“Murder?” Debbie Ann echoed. “Are you sure? Are you in any danger? Maybe you should go back inside the church.”
“Could be just attempted murder. I’m going to see if the guy’s still alive. Can you send an ambulance? And should you maybe notify my dad?”
“That’s a yes to both,” she said. “The ambulance should be there a few minutes behind Horace, and one way or another, we can use Dr. Langslow.” Dad was both a semi-retired physician and the local medical examiner. “Stay on the line until Horace gets there.”
I took another quick glance around to make sure no one was lurking in the nearby shrubbery or behind one of the weathered tombstones. Then I stepped inside. I started to grope for the light switch that, because of the stained glass panels flanking the door, was inconveniently located a couple of feet to right of the entrance.
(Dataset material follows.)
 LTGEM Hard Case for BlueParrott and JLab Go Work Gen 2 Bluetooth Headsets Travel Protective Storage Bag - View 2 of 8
Then I stopped myself. The intruder could have left fingerprints. I turned my phone so I could use its edge to flip the light switch. Nothing happened. I flicked the switch up and down a few more times, even though I knew it was useless. Annoying that all the bulbs in both fixtures were burned out. I made a mental note to have a few sharp words with the church custodian. Then I opened my phone’s flashlight app and used its tiny beam to scan my surroundings.
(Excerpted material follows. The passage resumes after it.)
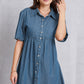 Button Up Collared Neck Tiered Denim Dress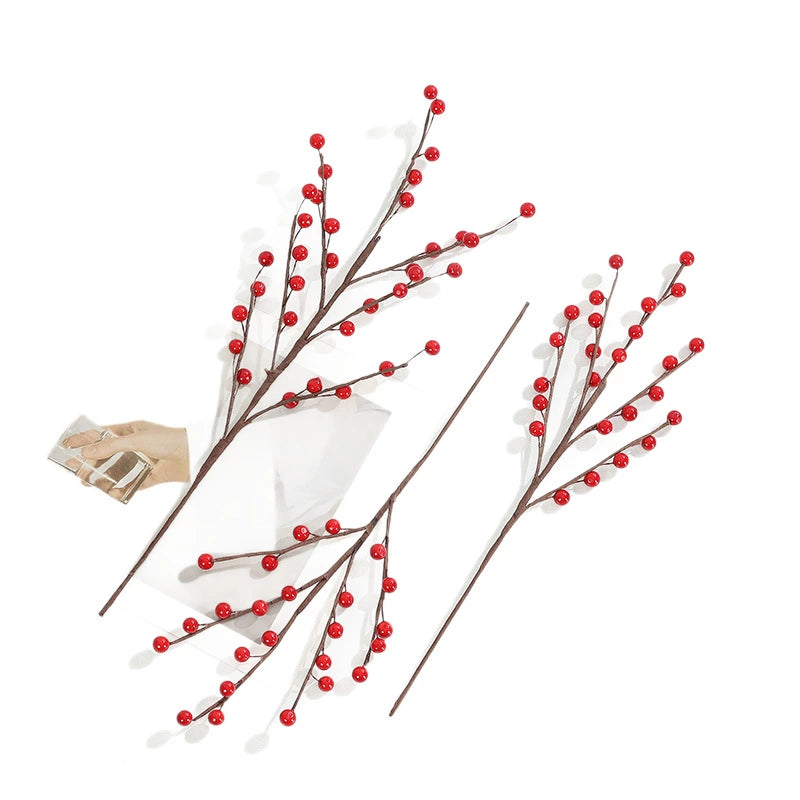 Künstlicher Roter Beeren-Zweig, 38 cm, Naturgetreue Deko-Beeren für Vase, Herbst- & Weihnachtsdeko, Gestecke, Hochzeit, Grabschmuck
The crypt was ten feet wide and burrowed twenty feet into the side of the hill, so even adding my phone’s illumination to the shaft of light coming from the fallen flashlight didn’t do much to improve visibility, although the foot-square polished granite panels covering the walls did reflect the light a little. Still, I could barely see the doorway in the back wall—actually a fake doorway, intended to be replaced with a real door, if and when Trinity decided to expand the crypt.
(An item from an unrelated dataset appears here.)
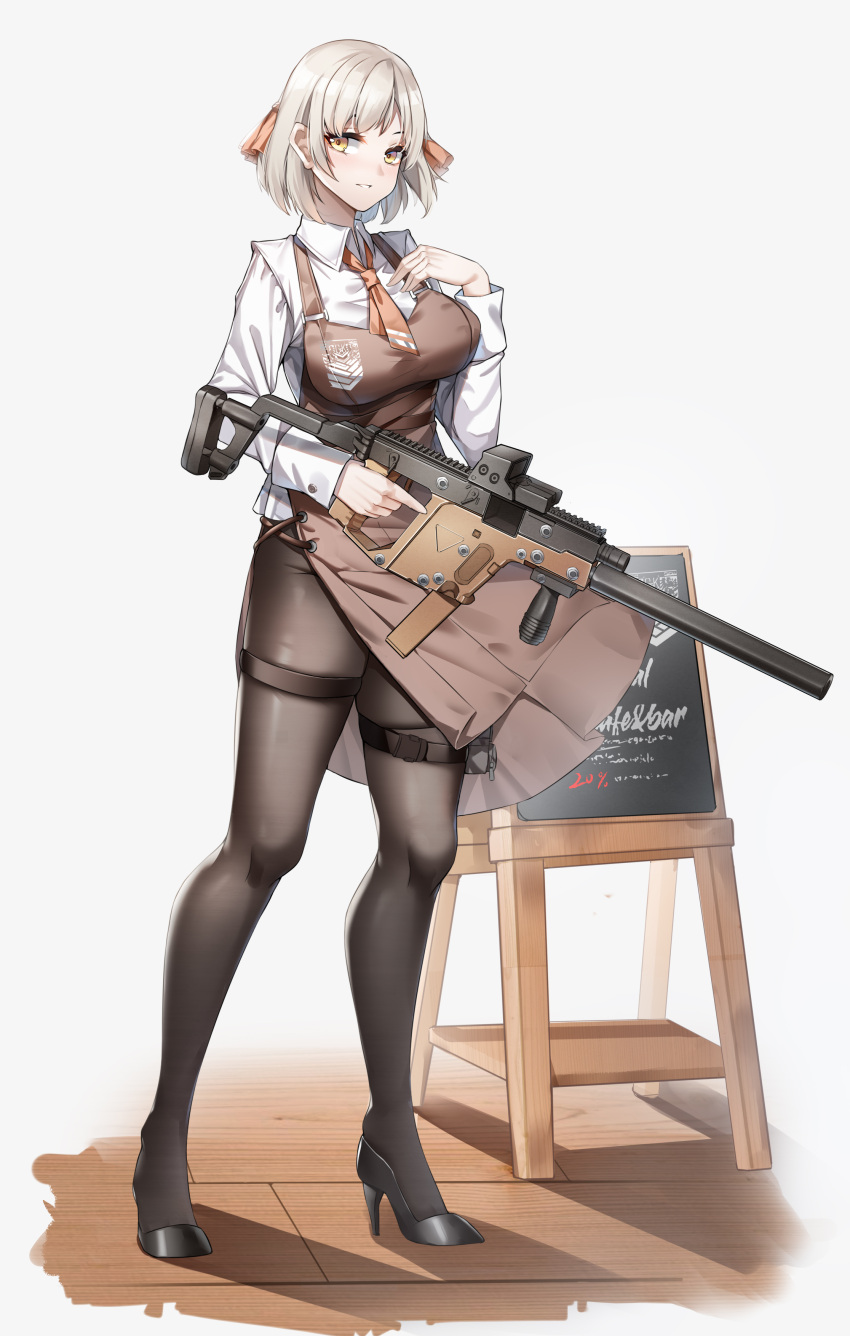 1girl absurdres apron black_footwear black_legwear breasts brown_apron collared_shirt full_body girls_frontline grey_hair gun high_heels highres kriss_vector long_sleeves lubikaya1 medium_breasts pantyhose shirt short_hair solo standing submachine_gun thigh_strap vector_(girls_frontline) weapon white_shirt yellow_eyes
But the victim wasn’t that far back. He lay facedown on the flagstone floor about a third of the way along the room’s length. His head, with its pool of what was certainly blood, was closest to me. One arm curled slightly above it in what seemed like a protective gesture, while the other lay at his side. From the way his legs were sprawled, I deduced that he’d been knocked down while making a break for the door.
I knelt at his side, trying to avoid the blood, and reached for his wrist.
“No pulse,” I said over the phone. I turned its little beam onto the victim’s head and quickly flicked it away again. “And he’s got a nasty head wound, and there’s a fair amount of blood here, but the wound’s not bleeding much at the moment, which I’m pretty sure is a bad sign.”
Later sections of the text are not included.